Last year Political Science Professor Rachel Ellett was chosen as the 2015 Parker Faculty Curator for her proposal, which demonstrated how a class-curated exhibit could reinforce the pedagogical goals of her Comparative Politics class. Ellet immediately began to prepare for this new version of her class by meeting with museum staff, incorporating museum time into the syllabus, and even acquiring objects; while Ellett was in South Africa during her sabbatical she purchased a set of paintings from an unrepresented South African artist whose work she felt would fit into the scope of the exhibit. Since returning, she has researched and located a significant group of artwork using South Africa as a focal point. The art is composed of works on loan from other museums in the area, and some are slated for acquisition by the Wright Museum of Art.
While researching potential work, Ellett came across the collection of the Faulconer Gallery at Grinnell College and was struck by the works of an artist named Diane Victor. Victor resided in South Africa for many years and created work with strong political and social leanings--themes that Ellett knew her students would gravitate toward. After reaching out to Grinnell, the Wright Museum was able to borrow four prints and a bound edition of Victor’s later work.

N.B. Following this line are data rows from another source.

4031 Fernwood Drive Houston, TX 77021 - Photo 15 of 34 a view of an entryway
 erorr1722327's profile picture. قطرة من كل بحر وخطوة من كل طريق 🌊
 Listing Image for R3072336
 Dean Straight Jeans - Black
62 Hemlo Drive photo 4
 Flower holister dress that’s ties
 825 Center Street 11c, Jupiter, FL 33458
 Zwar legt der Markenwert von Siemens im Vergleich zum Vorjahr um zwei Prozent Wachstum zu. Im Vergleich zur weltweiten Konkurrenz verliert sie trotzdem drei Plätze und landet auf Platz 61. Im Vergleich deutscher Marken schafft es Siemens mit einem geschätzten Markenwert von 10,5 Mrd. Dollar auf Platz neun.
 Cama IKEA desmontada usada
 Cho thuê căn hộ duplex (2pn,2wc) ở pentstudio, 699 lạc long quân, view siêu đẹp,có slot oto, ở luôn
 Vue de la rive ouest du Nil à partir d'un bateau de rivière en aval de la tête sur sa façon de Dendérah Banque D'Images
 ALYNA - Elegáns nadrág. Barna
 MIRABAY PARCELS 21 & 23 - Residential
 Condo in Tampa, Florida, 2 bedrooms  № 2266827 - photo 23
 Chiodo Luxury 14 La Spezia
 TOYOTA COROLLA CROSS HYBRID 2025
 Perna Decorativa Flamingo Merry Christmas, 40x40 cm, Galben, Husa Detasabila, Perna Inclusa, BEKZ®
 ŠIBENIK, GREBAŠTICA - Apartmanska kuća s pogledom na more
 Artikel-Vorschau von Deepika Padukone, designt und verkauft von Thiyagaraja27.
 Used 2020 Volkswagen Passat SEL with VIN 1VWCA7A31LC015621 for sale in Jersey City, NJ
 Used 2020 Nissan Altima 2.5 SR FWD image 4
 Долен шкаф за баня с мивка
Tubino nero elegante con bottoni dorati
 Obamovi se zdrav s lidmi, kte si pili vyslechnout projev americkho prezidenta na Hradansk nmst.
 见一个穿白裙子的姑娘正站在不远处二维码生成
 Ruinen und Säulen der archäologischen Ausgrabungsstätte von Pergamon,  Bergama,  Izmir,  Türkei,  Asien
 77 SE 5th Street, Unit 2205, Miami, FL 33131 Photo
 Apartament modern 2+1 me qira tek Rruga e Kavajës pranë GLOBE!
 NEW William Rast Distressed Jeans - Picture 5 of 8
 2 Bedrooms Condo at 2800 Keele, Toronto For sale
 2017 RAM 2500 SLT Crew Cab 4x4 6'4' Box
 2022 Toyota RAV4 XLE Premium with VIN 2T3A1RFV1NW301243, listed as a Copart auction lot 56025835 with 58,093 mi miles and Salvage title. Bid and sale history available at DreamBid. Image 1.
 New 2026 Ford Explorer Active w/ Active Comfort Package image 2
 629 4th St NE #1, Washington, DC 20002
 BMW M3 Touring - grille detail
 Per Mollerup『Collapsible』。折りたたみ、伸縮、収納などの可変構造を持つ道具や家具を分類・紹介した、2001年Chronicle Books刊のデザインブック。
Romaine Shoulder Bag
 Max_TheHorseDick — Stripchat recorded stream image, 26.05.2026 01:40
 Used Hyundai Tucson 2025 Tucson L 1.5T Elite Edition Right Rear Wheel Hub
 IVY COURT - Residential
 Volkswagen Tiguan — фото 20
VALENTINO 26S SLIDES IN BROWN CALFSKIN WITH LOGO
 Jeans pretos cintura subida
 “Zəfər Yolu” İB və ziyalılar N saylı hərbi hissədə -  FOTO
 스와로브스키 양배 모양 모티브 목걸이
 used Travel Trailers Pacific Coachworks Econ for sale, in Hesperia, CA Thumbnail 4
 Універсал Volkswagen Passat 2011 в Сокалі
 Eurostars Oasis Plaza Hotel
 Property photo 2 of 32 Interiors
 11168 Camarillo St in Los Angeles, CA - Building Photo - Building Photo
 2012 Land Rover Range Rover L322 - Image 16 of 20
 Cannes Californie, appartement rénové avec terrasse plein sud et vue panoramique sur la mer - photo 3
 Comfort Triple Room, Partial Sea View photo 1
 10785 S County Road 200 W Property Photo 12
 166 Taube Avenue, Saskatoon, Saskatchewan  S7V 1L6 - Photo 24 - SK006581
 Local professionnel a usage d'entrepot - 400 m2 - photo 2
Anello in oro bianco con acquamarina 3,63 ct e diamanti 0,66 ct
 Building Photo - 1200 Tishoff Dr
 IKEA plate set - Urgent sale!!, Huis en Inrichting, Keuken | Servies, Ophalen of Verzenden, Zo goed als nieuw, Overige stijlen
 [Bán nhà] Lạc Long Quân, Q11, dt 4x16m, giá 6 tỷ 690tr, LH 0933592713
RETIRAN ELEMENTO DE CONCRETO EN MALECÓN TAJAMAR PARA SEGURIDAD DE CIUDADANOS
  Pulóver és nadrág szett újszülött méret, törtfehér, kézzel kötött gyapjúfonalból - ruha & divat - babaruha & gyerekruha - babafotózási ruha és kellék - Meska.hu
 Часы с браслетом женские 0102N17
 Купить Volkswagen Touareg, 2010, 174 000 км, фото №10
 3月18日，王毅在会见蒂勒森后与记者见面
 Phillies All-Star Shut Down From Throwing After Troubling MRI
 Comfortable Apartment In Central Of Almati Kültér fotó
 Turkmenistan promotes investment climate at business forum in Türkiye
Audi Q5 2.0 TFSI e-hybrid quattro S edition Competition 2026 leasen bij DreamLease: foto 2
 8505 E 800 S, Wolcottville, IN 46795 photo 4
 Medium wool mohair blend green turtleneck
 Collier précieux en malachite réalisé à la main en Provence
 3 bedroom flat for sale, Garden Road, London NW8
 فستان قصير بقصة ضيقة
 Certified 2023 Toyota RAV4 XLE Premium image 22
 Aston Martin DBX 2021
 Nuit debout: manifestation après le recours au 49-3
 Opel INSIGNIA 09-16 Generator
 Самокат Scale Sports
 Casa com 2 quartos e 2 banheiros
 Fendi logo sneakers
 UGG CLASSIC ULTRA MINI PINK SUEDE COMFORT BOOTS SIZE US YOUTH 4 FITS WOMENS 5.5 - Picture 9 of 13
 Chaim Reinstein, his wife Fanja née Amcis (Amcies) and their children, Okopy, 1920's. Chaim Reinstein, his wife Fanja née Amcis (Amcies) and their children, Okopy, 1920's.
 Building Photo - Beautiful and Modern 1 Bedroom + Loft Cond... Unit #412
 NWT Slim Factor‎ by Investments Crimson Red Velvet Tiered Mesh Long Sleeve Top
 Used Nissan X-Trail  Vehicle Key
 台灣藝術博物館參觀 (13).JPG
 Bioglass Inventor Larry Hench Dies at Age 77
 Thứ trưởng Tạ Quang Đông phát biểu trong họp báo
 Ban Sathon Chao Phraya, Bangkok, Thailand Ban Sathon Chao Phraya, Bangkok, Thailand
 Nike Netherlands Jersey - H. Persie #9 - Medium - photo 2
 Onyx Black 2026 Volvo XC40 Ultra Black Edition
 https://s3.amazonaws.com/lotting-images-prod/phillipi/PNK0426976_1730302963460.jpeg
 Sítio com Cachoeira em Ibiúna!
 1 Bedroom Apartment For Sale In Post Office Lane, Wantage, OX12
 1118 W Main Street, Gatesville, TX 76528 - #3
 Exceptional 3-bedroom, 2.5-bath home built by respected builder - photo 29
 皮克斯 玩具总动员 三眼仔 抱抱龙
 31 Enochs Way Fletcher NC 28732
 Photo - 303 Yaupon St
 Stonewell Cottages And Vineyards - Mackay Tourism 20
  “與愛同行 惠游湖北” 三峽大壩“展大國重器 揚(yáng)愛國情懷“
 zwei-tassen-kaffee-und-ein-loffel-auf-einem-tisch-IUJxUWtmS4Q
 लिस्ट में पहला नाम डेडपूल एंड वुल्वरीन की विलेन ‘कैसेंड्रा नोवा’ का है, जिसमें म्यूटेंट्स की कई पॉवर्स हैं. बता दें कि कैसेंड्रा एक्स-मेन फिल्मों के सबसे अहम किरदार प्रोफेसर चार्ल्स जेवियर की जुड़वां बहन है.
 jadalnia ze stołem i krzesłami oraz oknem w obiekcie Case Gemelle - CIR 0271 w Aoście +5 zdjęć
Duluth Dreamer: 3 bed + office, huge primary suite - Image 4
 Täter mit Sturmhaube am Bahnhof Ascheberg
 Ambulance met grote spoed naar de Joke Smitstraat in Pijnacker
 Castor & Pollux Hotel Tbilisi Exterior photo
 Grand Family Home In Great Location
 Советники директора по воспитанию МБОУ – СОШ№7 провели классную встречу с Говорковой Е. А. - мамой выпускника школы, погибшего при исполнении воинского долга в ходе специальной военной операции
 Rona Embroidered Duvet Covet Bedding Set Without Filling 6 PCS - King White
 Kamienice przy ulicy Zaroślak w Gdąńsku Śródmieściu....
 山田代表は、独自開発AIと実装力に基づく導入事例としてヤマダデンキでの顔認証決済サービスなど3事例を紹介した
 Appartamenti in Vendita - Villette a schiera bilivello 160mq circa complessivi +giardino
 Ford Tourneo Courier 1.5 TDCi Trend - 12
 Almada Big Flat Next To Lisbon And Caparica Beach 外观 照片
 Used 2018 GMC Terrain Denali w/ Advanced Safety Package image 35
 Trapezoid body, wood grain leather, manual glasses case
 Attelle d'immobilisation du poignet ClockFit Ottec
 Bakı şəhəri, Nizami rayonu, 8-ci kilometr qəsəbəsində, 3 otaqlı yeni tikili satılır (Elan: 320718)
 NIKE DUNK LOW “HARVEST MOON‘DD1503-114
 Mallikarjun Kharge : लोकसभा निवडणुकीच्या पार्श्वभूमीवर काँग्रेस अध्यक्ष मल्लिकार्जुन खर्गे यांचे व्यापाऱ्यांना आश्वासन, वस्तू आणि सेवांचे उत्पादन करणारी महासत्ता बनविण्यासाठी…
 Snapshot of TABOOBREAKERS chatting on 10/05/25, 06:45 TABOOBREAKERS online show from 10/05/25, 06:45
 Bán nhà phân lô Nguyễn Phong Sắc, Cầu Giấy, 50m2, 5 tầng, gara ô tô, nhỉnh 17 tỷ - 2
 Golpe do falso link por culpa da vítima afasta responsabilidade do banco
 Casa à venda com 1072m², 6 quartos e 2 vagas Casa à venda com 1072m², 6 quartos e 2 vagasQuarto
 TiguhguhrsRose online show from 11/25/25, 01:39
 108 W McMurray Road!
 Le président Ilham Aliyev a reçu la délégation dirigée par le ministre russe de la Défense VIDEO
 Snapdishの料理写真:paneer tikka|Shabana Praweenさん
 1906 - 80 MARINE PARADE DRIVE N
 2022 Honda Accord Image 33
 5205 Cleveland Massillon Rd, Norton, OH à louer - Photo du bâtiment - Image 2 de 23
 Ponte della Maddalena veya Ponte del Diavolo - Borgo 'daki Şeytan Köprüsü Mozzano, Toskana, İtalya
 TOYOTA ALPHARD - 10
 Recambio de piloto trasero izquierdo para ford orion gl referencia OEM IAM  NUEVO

Also on loan for the exhibit is a series of works from the Chazen Museum. While searching the Chazen’s database, Ellett identified six pieces from a larger collection of South African works that she felt carried enough visual weight to challenge her students. While viewing the works at the Chazen, the curator of prints and drawings mentioned that a number of the works belonged to a portfolio titled Cross Cultural Identities, assembled by University of Wisconsin-Madison professor John Hitchcock. The portfolio was created as a bridge between artists from two different continents with parallel histories; specifically the art of postcolonial indigenous people of Africa and North America. A visit with Professor Hitchcock secured the last copy of the portfolio for the Wright Museum’s permanent collection.
Digging even deeper, Ellett searched the collection of the Goodman Gallery in Johannesburg, South Africa. Several contemporary South African artists represented by the Goodman would have fit nicely in the exhibit, but Ellett narrowed her choices and the Wright was able to acquire three political posters by the artist Kudzanai Chiurai, and a photo by Olugbenga James Akhuemonkhan titled “Child Labor.”
Led by Ellett, the class continues to explore other ideas and objects, hoping to incorporate digital imagery and perhaps even an audio element to the exhibit. And while the artwork from Grinnell and the Chazen will be returned at the close of the show, the posters, photograph, and paintings will become part of the permanent collection at the Wright Museum, allowing future students of Ellett’s Comparative Politics class the opportunity to view, discuss, and research artwork relevant to the South African case study.